Well, anyhow - as I'd hoped I'd succeeded in putting into the mouths of our fearless Western leaders - I find this to be a boldly adventurous Age.
In fact, if I didn't know better, I'd say it was almost recklessly, heedlessly adventurous. (Not that that should matter either way, right? I mean, so what if we Westerners often end up leaving things an even bigger mess than we found them - so long as we make them more interesting, and challenging?)
But if there's one notion more than another that, for me, embodies the Spirit of this adventurous Age, it is the notion of Knowledge as Work. And Love as Work. And Reality as Work.
It is as if we Global Moderns have made, not so much Man as created by God, but rather Work as created by (workaholic) Man, the measure of all things. Meaning, to get to the heart, the essence of anything, you've got to WORK at it. To the point, indeed, where work itself may seem to become all-but-indistinguishable from one or another mode of productive violence. Or sometimes even destructive violence. Again, no creation without destruction.
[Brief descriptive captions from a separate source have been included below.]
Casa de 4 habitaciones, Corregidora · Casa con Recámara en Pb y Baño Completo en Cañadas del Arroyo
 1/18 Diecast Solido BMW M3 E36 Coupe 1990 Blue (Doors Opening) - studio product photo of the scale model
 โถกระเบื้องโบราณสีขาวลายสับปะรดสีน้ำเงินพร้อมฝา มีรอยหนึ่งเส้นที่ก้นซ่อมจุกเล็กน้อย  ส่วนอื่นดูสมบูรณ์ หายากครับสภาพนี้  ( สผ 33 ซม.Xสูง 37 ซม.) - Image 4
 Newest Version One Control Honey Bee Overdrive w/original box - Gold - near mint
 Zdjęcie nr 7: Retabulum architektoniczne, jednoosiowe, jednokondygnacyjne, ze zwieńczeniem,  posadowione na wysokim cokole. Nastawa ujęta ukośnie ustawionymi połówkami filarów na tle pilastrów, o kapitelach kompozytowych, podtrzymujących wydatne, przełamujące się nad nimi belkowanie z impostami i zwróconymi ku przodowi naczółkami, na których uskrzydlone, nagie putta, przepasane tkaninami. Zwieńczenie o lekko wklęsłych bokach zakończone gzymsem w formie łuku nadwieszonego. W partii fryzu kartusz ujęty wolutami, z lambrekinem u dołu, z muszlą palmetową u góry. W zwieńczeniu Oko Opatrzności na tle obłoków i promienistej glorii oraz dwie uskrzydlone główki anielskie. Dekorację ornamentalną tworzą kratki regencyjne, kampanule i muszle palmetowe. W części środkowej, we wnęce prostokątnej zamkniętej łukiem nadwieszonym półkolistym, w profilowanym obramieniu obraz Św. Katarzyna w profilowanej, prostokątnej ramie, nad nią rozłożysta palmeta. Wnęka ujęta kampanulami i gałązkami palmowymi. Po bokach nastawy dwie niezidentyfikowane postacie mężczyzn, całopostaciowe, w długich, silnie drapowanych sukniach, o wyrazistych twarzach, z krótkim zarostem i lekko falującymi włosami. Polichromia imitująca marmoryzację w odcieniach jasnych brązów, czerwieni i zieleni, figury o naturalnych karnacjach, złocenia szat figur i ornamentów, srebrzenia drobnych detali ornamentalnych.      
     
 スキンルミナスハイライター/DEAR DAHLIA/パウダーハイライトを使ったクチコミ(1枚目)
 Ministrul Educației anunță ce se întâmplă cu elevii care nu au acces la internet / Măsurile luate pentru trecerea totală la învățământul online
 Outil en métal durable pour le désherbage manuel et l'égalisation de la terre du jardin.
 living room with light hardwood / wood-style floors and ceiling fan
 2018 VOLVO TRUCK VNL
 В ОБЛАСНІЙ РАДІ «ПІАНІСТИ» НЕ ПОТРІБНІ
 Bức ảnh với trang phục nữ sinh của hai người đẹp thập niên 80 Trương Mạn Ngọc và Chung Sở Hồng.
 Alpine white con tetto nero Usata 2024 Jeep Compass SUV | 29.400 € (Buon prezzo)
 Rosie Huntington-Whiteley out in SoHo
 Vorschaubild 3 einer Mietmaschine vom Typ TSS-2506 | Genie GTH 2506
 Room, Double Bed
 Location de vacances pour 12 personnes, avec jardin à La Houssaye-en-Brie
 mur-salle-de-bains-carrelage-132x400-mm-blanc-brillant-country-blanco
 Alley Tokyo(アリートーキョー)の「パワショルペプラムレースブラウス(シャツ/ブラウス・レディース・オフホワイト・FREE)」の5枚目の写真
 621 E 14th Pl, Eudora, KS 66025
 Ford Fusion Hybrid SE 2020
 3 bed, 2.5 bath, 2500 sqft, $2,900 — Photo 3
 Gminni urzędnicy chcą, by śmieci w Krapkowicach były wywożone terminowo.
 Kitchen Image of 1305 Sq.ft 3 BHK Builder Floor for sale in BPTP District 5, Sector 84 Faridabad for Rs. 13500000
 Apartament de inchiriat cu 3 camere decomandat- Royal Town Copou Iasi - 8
(Meanwhile, certain rather ancient traits and exercises that we used to call virtues: patience, vigilance, forbearance, humility, awe, rapture, contemplation, even prayer itself - well, these once may have been useful enough for creating amusing or distracting fictions about reality. But they're utterly useless for getting at the core, the inner workings and outward effects, of any truly real thing. Any truly real thing - including God, assuming there is a god.)
The whole point of Modern Work, thus defined, being that you must seek out whatever there is in anything - and ultimately anyone - that is "workable," i.e., reducible to something else. And then you change it, or reconfigure it, or otherwise put it to some good use or pleasure by making it wholly unrecognizable. Much like turning a tree into paper. Meanwhile, whatever there is that seemingly can't - yet - be reduced, you either ignore, or find some way of overcoming, or breaking through its wall, so to speak. In short, there is only way to be truly objective about anything, and that is to objectify it.
But now imagine something else. Suppose that the only unshifting, abiding objectivity we can ever attain - concerning any one or any thing - is to see that creature, not for what we can make of it, but for what it is. And that the only way to see it fully for what it is is to see not just its "objectness", but also that in it which is (so to speak) subjective. That in it which is, as it were, irreducibly its Self - such that we can only make into something else, by either killing it or taking it apart.